As such, their speed might vary slightly over the course of billions of light years, making them arrive just before or after lower-energy rays from the same gamma-ray burst.
"If this effect exists, it's not something that you could really see on Earth," Ritz said. "You'd essentially want to see how light does on a long-distance race, and that's billions of light-years. But gamma-ray bursts are so bright that you could see them from such vast distances. GLAST could really see these time differences."
Perhaps most exciting is the possibility that GLAST will find something no one is expecting. This space telescope can peer a range of high-energy gamma rays that is virtually unexplored.
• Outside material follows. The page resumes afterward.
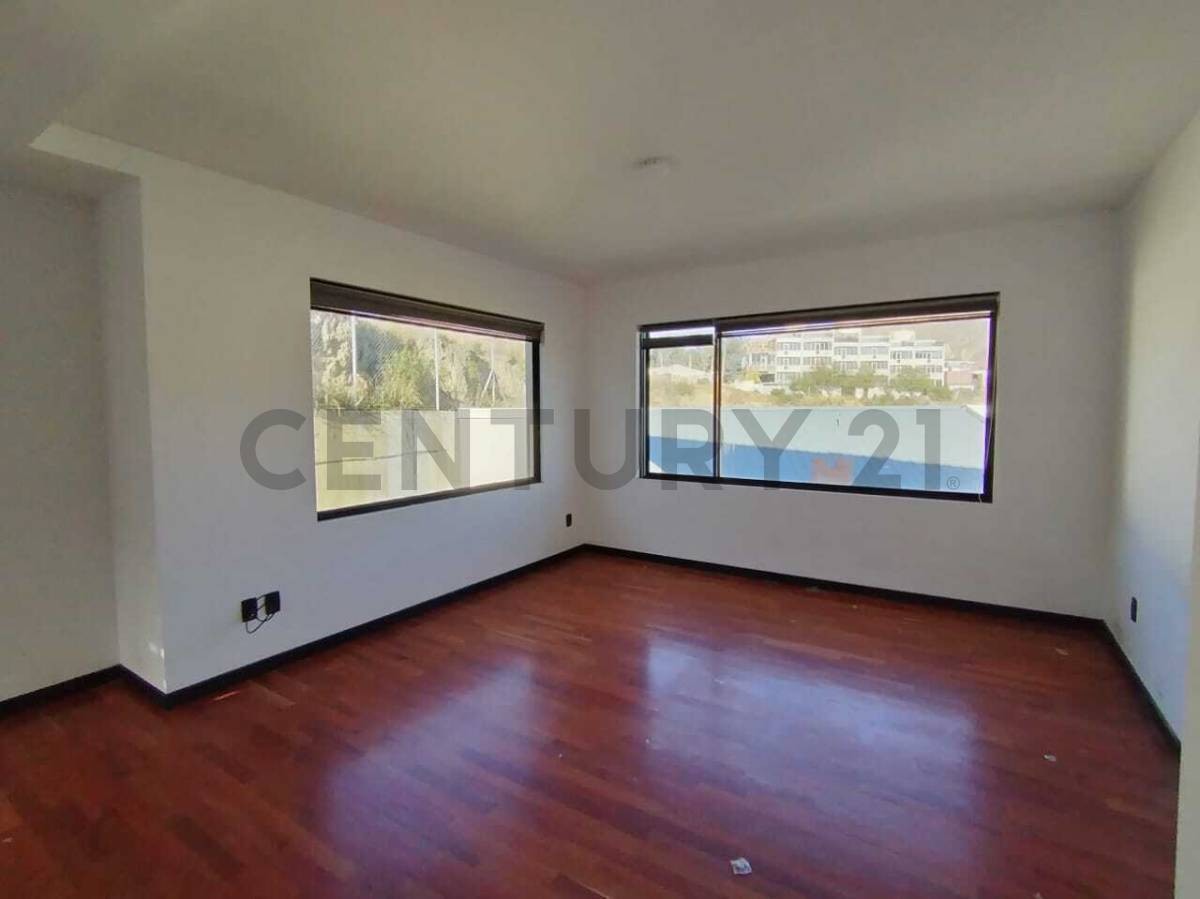 Casa en Achumani en La Paz 2 dormitorios 3 baños 1 parqueos Foto 5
"There's such a leap forward in capabilities with GLAST that we have a really good chance of discovering things not even on the list yet," Ritz said.
This space observatory's Large Area Telescope can see a fifth of the sky at any given moment with unparalleled sensitivity for gamma rays.
To improve it further, the GLAST Burst Monitor constantly sees in all directions at once to watch for sudden flares of gamma rays produced by gamma ray bursts and solar flares.
GLAST will circle some 340 miles above the Earth to view gamma rays unimpeded by the atmosphere, completing an orbit every 95 minutes and viewing the entire sky every two orbits.
GLAST will receive a new name once in orbit, chosen from some 12,000 suggestions given by the general public around the world. The space telescope's first basic results might come out as soon as three months afterward.
The mission is scheduled for liftoff atop a Delta 2 rocket at 11:45 a.m. EDT on June 7. The mission has been delayed twice because of technical issues with the booster.